AdScoot plans to charge clients on an hourly basis for each scooter hired. A five-day campaign with two scooters, which run for 10 hours a day, will cost approximately Rs 30,000.
afaqs! discussed the potential of the new medium with a few people from the industry.
According to Mangesh Borse, director, Symbiosis Advertising, ad scooters can work only when they are well maintained. "The ad display here is exposed to heat and dust and the challenge to keep it clean is even higher in rural areas. Also, one needs to take care of the detailing that goes in the creative," he says.
Raghu Khanna, chief executive officer, CashUrDrive shares Borse's concern for maintenance. He says, "The medium will work more in favour of local advertisers. I do not see brand-building exercises doing well on ad scooters. Also, the integrity of any campaign running on this media will rest with the rider. So, the media owners need to come up with sound ways of monitoring."
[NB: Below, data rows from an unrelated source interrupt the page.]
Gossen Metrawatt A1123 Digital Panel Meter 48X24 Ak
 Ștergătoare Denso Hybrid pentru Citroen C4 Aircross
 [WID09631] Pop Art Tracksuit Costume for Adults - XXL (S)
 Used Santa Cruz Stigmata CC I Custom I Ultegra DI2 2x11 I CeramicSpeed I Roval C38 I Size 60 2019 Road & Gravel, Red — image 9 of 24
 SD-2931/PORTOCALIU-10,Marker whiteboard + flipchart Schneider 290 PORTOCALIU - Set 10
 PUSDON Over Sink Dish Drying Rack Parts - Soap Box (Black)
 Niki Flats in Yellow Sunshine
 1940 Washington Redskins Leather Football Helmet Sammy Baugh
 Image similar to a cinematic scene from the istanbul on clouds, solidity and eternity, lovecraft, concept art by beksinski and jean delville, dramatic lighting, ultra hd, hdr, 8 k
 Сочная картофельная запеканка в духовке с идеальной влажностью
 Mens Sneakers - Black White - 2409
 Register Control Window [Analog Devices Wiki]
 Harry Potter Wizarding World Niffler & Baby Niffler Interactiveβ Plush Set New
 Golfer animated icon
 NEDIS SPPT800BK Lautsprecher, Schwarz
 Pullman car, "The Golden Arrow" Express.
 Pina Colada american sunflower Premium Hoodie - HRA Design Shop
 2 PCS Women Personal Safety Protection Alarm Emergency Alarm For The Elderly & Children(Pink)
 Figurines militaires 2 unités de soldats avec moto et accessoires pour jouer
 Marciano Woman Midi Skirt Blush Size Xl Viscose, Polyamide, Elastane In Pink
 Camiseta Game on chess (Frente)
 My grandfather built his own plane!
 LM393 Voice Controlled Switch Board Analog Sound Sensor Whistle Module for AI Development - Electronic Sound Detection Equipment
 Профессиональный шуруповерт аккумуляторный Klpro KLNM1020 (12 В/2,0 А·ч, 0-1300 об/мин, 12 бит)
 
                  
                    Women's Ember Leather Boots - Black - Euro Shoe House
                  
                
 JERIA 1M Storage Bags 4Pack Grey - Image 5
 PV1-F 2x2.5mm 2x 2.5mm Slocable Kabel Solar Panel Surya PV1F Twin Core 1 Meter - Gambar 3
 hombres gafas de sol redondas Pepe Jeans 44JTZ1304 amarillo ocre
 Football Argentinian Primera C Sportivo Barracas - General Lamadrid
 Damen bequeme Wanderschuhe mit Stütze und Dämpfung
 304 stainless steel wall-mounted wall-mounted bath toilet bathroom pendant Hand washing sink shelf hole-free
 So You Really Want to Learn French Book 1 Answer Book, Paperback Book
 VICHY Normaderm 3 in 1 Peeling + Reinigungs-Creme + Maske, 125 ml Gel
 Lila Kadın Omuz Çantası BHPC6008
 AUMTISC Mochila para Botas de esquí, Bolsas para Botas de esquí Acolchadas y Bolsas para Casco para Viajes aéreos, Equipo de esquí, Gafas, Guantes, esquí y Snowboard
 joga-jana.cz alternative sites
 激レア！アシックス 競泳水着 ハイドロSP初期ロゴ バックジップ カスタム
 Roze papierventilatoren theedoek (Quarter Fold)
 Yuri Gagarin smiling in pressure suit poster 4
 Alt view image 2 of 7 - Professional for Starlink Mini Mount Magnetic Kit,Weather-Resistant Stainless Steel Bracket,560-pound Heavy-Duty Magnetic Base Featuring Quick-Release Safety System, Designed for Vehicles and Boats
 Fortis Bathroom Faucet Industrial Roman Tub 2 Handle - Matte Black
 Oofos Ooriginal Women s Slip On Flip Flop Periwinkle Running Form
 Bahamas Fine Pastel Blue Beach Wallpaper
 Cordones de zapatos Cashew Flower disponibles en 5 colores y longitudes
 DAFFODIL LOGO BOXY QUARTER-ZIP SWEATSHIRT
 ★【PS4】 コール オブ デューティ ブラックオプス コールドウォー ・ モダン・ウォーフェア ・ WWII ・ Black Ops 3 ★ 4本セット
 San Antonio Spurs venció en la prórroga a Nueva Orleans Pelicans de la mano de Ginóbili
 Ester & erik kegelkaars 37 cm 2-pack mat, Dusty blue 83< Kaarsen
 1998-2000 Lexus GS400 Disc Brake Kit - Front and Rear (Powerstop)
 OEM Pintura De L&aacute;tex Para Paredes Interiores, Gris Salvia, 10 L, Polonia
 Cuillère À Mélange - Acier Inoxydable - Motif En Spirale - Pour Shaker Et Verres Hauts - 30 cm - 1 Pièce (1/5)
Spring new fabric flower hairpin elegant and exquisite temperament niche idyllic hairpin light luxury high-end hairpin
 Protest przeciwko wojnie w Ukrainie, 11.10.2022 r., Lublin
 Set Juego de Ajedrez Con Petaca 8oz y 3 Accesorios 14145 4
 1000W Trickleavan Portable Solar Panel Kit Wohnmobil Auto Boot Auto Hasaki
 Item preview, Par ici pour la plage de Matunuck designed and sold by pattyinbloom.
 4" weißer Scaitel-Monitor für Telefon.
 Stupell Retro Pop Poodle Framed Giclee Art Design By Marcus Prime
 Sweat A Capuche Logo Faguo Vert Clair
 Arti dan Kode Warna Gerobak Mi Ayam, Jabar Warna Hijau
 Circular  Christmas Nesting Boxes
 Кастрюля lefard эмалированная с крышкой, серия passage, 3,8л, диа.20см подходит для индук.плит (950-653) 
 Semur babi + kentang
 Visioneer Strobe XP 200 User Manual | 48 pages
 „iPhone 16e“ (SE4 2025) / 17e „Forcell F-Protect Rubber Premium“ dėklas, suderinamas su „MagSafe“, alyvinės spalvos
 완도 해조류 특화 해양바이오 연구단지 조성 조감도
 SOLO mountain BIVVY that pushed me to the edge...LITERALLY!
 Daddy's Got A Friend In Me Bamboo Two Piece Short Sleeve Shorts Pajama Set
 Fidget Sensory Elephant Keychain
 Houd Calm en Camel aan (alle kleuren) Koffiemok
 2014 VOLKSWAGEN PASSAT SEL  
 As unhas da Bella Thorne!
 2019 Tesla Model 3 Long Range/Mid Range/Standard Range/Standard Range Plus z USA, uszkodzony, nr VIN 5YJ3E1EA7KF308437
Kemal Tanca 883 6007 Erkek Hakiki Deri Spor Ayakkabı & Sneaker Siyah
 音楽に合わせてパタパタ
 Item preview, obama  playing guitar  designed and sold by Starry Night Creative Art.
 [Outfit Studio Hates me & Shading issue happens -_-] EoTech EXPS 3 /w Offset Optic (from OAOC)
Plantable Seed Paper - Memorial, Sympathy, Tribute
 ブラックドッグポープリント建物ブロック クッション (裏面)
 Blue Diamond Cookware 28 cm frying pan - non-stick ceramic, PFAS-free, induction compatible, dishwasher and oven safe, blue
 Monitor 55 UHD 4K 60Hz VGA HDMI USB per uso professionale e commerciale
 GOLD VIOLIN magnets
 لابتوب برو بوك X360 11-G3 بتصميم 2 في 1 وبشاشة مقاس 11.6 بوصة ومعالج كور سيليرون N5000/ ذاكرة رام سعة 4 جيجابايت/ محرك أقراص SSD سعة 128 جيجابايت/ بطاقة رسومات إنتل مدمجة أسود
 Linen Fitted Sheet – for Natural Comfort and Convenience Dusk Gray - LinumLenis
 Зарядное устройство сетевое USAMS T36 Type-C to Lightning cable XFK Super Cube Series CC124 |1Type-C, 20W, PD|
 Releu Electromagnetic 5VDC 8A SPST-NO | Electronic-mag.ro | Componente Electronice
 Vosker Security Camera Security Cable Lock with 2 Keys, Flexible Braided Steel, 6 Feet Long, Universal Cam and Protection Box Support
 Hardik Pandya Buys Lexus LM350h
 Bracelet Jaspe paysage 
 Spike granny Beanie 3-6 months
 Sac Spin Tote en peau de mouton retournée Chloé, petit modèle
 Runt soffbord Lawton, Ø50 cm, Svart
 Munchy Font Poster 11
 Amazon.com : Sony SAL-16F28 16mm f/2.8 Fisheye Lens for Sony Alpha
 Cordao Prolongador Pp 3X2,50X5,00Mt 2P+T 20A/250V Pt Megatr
Raj Mohanty, senior business director, Poster Publicity remembers coming across ad scooters at an exhibition in China. He says, "Rural India is growing at great speed and media owners can leverage this well. In terms of display, ad scooters look promising; though there is a need to rework on the pricing of the media. This is because a mobile van is available for Rs 1 lakh for a month and an advertiser will obviously go for a cheaper option."